DIRECTIONS FOR THIS TASK:
Your output should be the lines from the one containing "Descalzadora azul de tela" through the last line below, both ends included, exactly as written and free of pictures.
═════ GIVEN DATA ═════
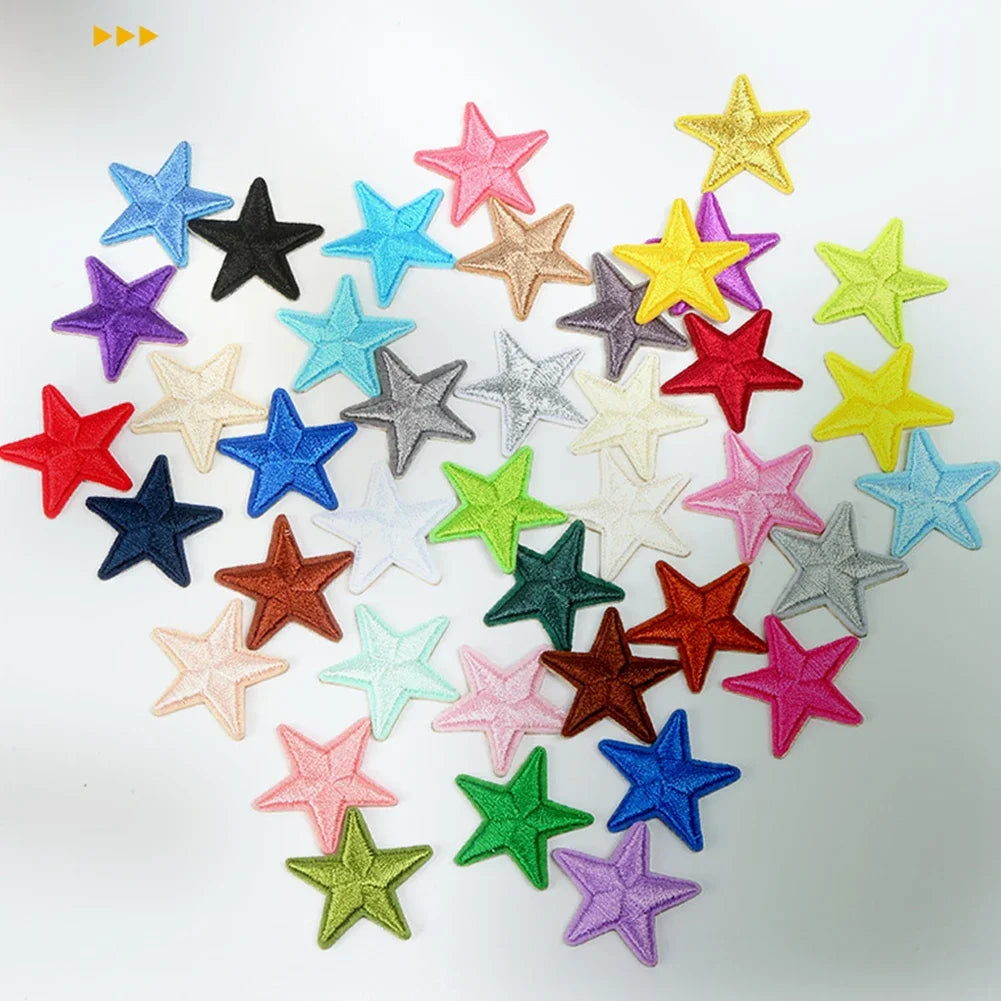 10 Pcs Small Star Embroidery Iron Patch Stickers DIY Clothing Decoration and Repair Clothing Patches Clothing Sewing Supplies HIP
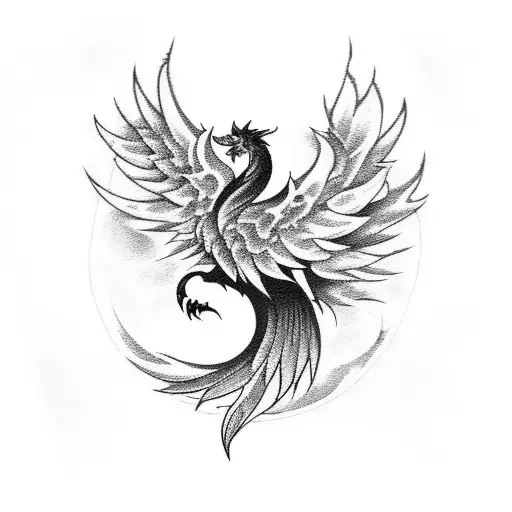 Phoenix With Fire In Tail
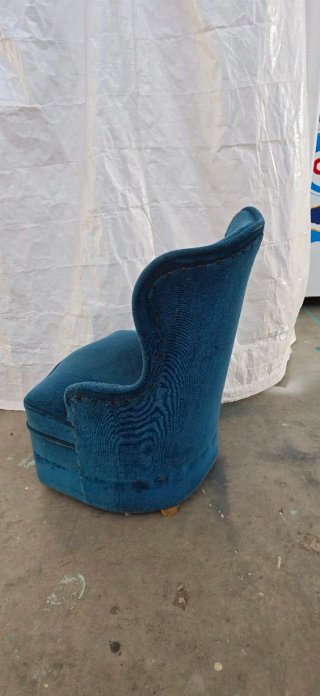 Descalzadora azul de tela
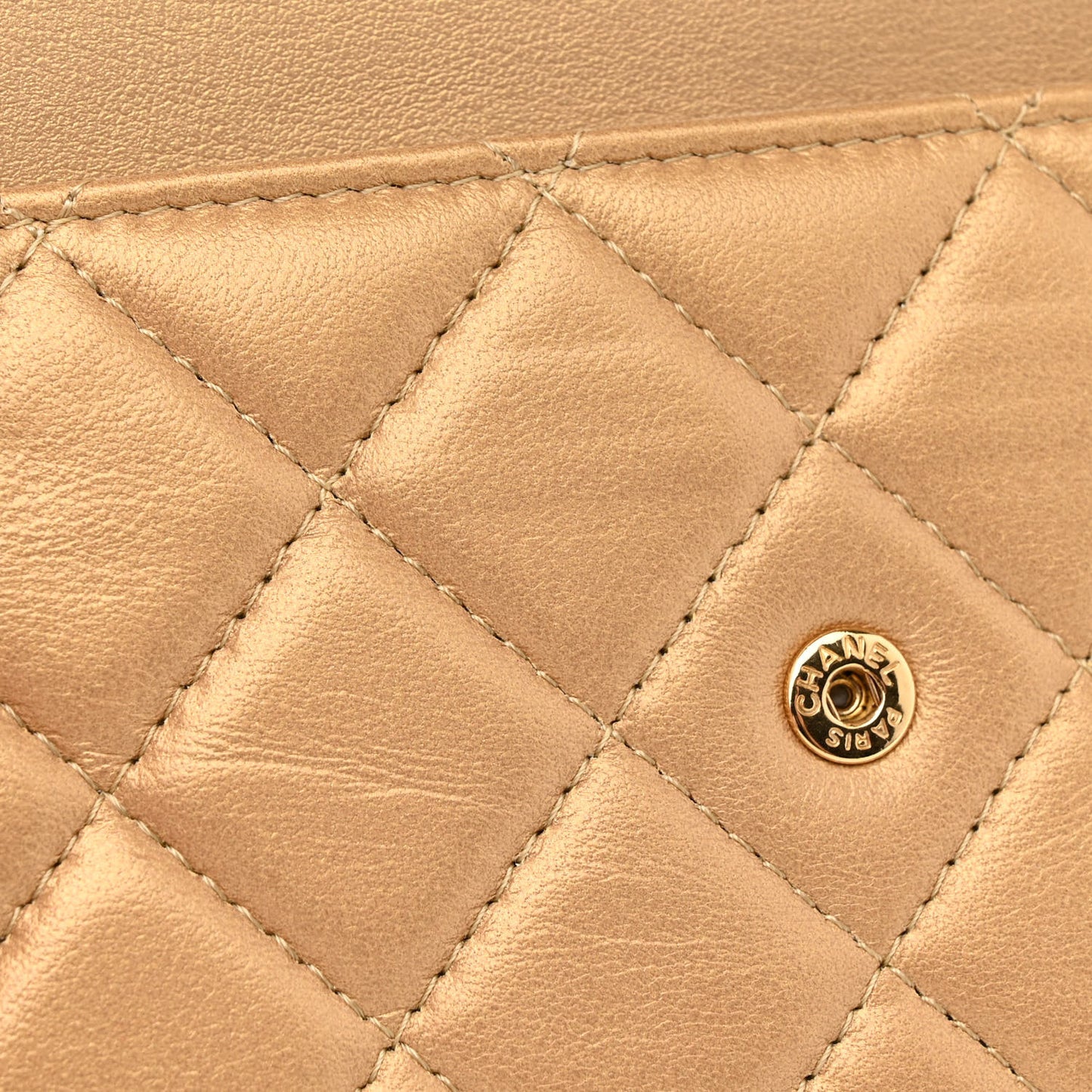 Metallic Lambskin Quilted Enamel Wallet On Chain WOC Gold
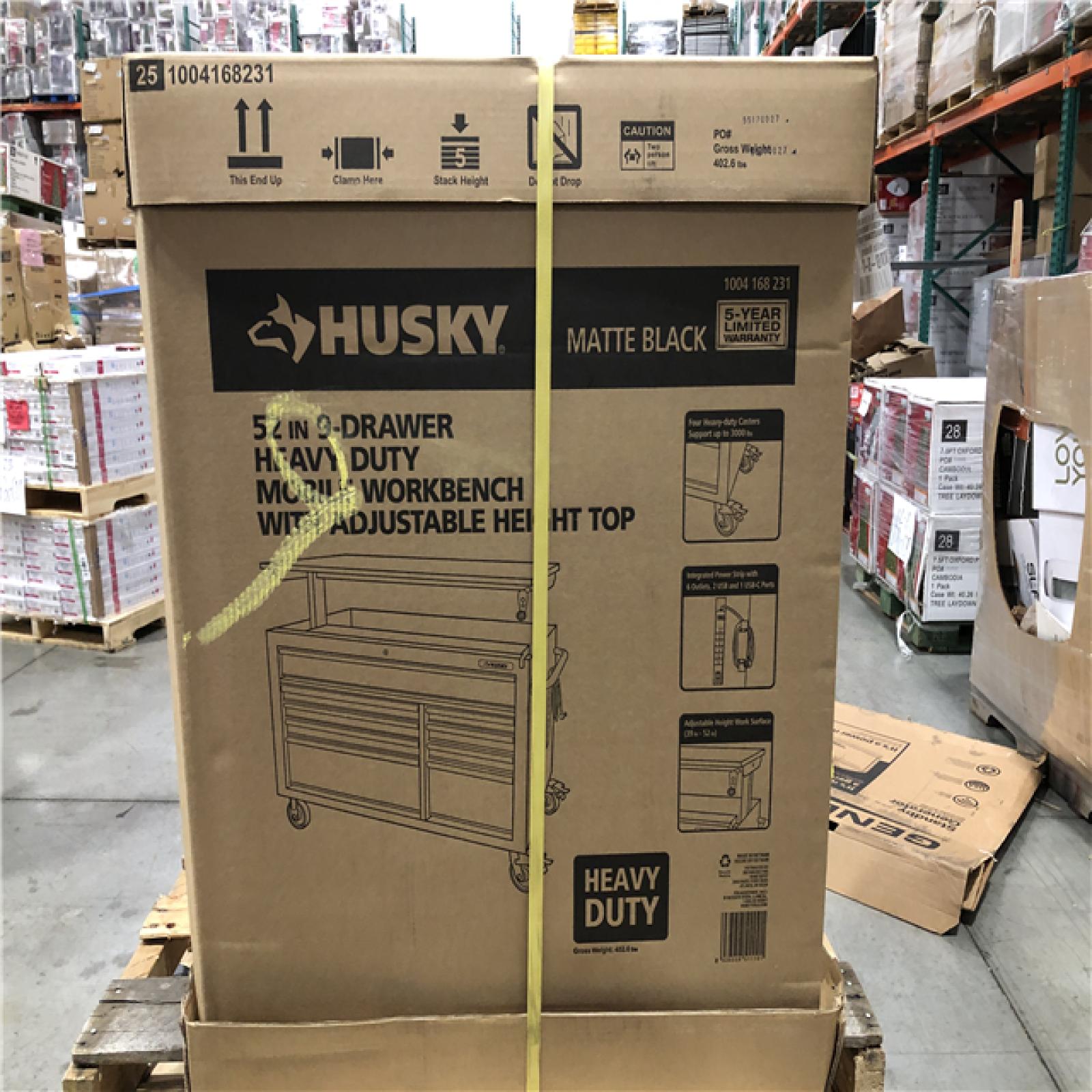 DALLAS LOCATION - Husky 52 in. W x 25 in. D Heavy Duty 9-Drawer Mobile Workbench Cabinet with Adjustable-Height Hardwood Top in Matte Black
═════
SOLUTION TO THE PROBLEM:
 Descalzadora azul de tela
 Metallic Lambskin Quilted Enamel Wallet On Chain WOC Gold
 DALLAS LOCATION - Husky 52 in. W x 25 in. D Heavy Duty 9-Drawer Mobile Workbench Cabinet with Adjustable-Height Hardwood Top in Matte Black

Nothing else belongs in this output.